• Problem to work on: Look through the listing below for the line with "606 Parkwood Dr, Centerville, SC 29625" and the line with "Diduga Lakukan Pengusiran". Copy both, along with every line between them, exactly and with no pictures.

• Records shown:
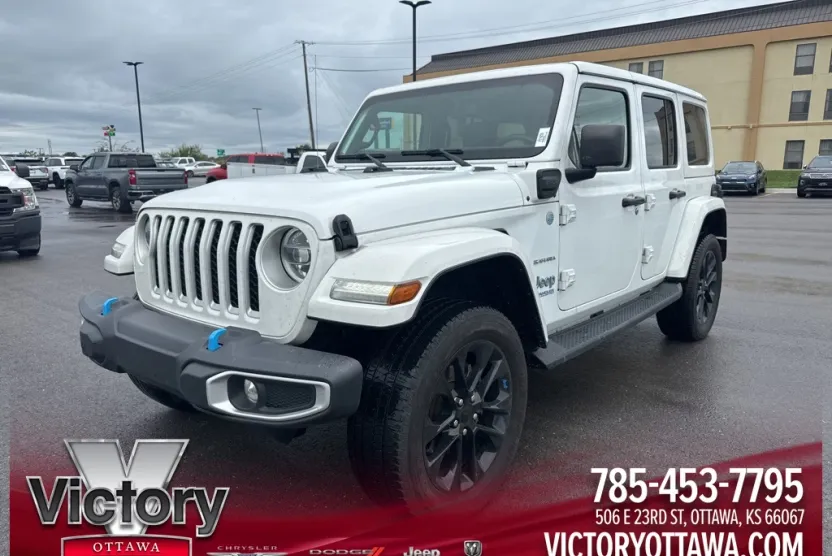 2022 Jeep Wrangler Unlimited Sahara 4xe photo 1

---

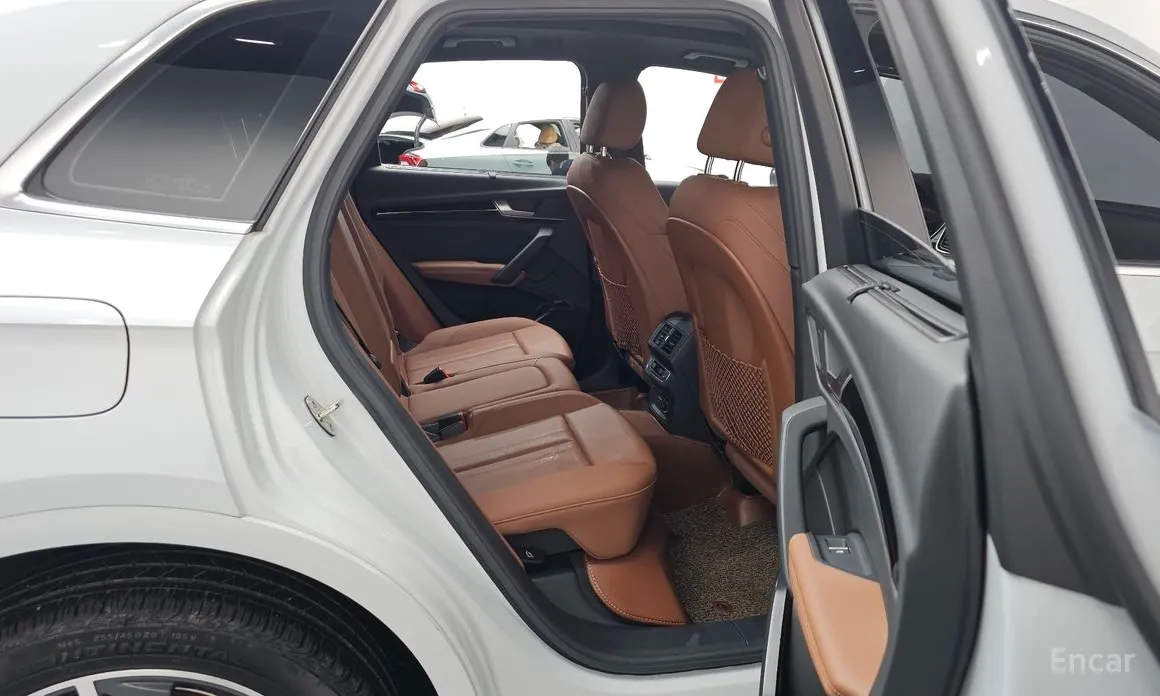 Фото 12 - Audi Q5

==

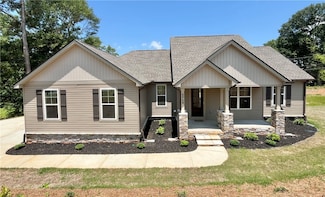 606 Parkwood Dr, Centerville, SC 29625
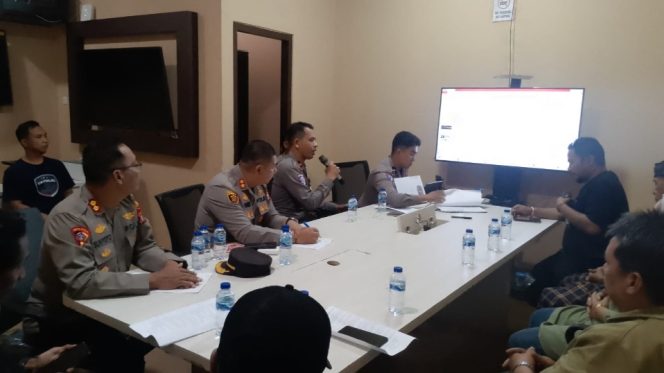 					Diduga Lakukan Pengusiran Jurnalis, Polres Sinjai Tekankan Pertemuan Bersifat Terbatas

• Answer to the problem:
 606 Parkwood Dr, Centerville, SC 29625
 					Diduga Lakukan Pengusiran Jurnalis, Polres Sinjai Tekankan Pertemuan Bersifat Terbatas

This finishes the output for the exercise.